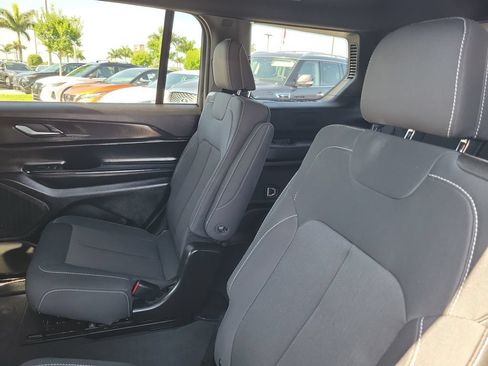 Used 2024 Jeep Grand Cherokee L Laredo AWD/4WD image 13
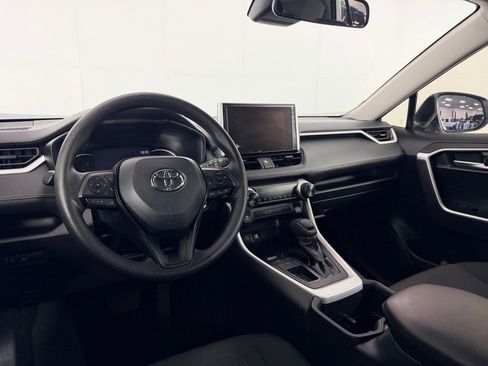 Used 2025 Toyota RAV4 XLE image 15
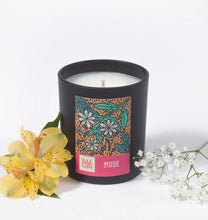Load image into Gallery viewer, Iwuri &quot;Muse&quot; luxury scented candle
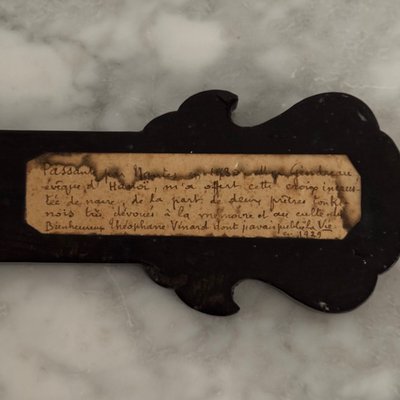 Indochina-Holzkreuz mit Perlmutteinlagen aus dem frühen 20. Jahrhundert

-------

Restate each line above exactly, keeping pictures out.

 Used 2024 Jeep Grand Cherokee L Laredo AWD/4WD image 13
 Used 2025 Toyota RAV4 XLE image 15
Load image into Gallery viewer, Iwuri &quot;Muse&quot; luxury scented candle
 Indochina-Holzkreuz mit Perlmutteinlagen aus dem frühen 20. Jahrhundert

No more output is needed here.